◆ **What you should do**: Both the line below containing "Dahlia Flower Wall Art, White" and the line containing "White shafts, gears", along with every line between them, should be repeated exactly; no other line belongs in the answer.

◆ **Dataset entries**:
◆ ◆ ◆ ◆ ◆ ◆ ◆

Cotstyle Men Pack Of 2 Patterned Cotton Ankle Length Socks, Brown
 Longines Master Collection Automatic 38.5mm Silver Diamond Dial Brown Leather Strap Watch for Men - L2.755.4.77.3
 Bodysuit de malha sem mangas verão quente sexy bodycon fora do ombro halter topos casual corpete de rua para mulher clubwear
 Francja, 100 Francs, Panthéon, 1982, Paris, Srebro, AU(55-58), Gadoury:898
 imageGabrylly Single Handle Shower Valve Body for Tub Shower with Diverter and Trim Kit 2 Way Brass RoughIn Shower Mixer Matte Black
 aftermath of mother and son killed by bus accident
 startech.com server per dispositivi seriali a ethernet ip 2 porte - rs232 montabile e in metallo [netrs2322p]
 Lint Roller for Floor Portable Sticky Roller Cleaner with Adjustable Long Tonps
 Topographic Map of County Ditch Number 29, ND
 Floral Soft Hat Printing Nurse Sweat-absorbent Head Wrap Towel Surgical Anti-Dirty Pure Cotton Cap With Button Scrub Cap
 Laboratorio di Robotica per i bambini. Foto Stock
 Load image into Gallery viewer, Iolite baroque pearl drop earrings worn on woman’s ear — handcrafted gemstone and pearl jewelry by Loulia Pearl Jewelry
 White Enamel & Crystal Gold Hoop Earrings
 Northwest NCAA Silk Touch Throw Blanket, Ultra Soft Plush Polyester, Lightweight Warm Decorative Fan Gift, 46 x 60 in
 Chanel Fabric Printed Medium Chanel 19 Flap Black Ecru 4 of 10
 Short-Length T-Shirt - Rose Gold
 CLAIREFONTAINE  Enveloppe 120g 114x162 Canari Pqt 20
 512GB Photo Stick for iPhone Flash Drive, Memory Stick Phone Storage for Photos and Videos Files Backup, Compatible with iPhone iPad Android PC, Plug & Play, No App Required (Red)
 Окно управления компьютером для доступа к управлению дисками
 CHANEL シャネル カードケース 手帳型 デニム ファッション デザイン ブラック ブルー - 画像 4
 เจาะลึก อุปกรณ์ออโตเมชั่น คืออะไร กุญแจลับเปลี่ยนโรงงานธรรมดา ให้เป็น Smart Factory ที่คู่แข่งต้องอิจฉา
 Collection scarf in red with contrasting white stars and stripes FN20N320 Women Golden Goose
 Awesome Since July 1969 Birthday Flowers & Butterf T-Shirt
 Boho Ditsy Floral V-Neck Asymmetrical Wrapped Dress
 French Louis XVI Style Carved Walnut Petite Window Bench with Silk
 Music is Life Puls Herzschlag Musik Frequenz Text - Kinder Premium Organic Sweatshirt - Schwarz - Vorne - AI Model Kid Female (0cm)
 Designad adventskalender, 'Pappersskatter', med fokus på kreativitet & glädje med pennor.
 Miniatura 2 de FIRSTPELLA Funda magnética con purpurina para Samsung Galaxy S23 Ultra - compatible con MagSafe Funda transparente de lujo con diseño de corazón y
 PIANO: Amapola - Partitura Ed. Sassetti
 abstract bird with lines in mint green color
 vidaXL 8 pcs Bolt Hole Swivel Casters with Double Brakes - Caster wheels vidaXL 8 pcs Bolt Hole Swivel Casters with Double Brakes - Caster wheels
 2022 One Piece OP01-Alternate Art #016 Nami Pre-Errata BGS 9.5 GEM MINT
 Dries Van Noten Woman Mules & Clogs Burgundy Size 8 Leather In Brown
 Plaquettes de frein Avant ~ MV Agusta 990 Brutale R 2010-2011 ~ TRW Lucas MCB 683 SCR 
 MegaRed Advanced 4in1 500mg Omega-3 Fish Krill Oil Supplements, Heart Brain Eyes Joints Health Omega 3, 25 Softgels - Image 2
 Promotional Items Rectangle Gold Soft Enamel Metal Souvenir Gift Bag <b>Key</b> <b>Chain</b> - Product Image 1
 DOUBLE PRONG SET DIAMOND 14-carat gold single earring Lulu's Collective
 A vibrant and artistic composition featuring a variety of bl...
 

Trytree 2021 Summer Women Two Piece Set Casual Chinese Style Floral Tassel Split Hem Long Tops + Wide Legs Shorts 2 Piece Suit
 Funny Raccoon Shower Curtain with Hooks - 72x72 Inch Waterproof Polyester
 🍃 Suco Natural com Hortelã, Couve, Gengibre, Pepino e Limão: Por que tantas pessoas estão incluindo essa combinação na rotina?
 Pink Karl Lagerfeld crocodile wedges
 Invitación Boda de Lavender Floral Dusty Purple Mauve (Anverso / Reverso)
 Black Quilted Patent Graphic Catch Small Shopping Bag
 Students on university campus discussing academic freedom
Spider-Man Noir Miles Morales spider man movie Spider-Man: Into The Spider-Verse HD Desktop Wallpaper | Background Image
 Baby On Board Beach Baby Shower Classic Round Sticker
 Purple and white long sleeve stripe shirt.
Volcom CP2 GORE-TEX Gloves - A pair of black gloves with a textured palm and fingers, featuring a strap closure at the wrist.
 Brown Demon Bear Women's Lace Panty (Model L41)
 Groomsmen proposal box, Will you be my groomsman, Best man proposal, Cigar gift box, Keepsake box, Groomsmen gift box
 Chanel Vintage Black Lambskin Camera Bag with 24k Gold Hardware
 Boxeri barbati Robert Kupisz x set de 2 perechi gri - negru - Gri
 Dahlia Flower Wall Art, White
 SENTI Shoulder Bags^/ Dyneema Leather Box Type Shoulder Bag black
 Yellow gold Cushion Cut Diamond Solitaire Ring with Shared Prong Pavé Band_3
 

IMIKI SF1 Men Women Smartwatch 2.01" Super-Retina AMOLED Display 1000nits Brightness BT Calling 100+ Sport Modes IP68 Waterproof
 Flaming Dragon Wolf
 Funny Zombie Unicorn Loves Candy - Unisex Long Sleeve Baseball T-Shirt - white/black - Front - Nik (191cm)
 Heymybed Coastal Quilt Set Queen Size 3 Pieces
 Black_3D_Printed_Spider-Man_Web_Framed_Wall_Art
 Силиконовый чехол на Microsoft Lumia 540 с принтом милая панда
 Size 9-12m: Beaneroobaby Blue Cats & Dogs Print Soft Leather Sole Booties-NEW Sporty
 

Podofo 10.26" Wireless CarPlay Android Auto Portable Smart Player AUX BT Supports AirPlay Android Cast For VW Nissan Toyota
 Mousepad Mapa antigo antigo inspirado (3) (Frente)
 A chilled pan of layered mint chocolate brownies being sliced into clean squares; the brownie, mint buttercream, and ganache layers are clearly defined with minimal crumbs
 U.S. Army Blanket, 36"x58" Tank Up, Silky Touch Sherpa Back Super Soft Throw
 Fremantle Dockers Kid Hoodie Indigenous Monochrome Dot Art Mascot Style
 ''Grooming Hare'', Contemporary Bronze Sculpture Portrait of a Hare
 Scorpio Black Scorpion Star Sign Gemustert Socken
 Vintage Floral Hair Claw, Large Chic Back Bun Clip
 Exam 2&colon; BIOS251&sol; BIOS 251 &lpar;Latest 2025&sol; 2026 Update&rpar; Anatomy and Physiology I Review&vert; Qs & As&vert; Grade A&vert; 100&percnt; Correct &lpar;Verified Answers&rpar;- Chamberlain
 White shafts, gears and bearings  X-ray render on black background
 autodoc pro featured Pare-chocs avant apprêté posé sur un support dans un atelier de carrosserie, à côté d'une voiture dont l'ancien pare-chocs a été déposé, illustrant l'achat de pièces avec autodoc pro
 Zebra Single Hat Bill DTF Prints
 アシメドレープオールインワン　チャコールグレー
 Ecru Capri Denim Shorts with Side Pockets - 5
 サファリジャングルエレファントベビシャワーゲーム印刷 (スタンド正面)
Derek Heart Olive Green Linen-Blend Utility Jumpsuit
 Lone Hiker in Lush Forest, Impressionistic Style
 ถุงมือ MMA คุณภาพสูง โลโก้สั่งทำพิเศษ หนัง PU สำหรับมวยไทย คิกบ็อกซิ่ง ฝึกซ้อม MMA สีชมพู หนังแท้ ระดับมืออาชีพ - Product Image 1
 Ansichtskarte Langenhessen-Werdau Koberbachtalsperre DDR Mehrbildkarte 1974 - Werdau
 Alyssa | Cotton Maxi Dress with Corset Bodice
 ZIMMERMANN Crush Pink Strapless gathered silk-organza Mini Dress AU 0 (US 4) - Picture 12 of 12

◆ ◆ ◆ ◆ ◆ ◆ ◆

◆ **The answer**:
 Dahlia Flower Wall Art, White
 SENTI Shoulder Bags^/ Dyneema Leather Box Type Shoulder Bag black
 Yellow gold Cushion Cut Diamond Solitaire Ring with Shared Prong Pavé Band_3
 

IMIKI SF1 Men Women Smartwatch 2.01" Super-Retina AMOLED Display 1000nits Brightness BT Calling 100+ Sport Modes IP68 Waterproof
 Flaming Dragon Wolf
 Funny Zombie Unicorn Loves Candy - Unisex Long Sleeve Baseball T-Shirt - white/black - Front - Nik (191cm)
 Heymybed Coastal Quilt Set Queen Size 3 Pieces
 Black_3D_Printed_Spider-Man_Web_Framed_Wall_Art
 Силиконовый чехол на Microsoft Lumia 540 с принтом милая панда
 Size 9-12m: Beaneroobaby Blue Cats & Dogs Print Soft Leather Sole Booties-NEW Sporty
 

Podofo 10.26" Wireless CarPlay Android Auto Portable Smart Player AUX BT Supports AirPlay Android Cast For VW Nissan Toyota
 Mousepad Mapa antigo antigo inspirado (3) (Frente)
 A chilled pan of layered mint chocolate brownies being sliced into clean squares; the brownie, mint buttercream, and ganache layers are clearly defined with minimal crumbs
 U.S. Army Blanket, 36"x58" Tank Up, Silky Touch Sherpa Back Super Soft Throw
 Fremantle Dockers Kid Hoodie Indigenous Monochrome Dot Art Mascot Style
 ''Grooming Hare'', Contemporary Bronze Sculpture Portrait of a Hare
 Scorpio Black Scorpion Star Sign Gemustert Socken
 Vintage Floral Hair Claw, Large Chic Back Bun Clip
 Exam 2&colon; BIOS251&sol; BIOS 251 &lpar;Latest 2025&sol; 2026 Update&rpar; Anatomy and Physiology I Review&vert; Qs & As&vert; Grade A&vert; 100&percnt; Correct &lpar;Verified Answers&rpar;- Chamberlain
 White shafts, gears and bearings  X-ray render on black background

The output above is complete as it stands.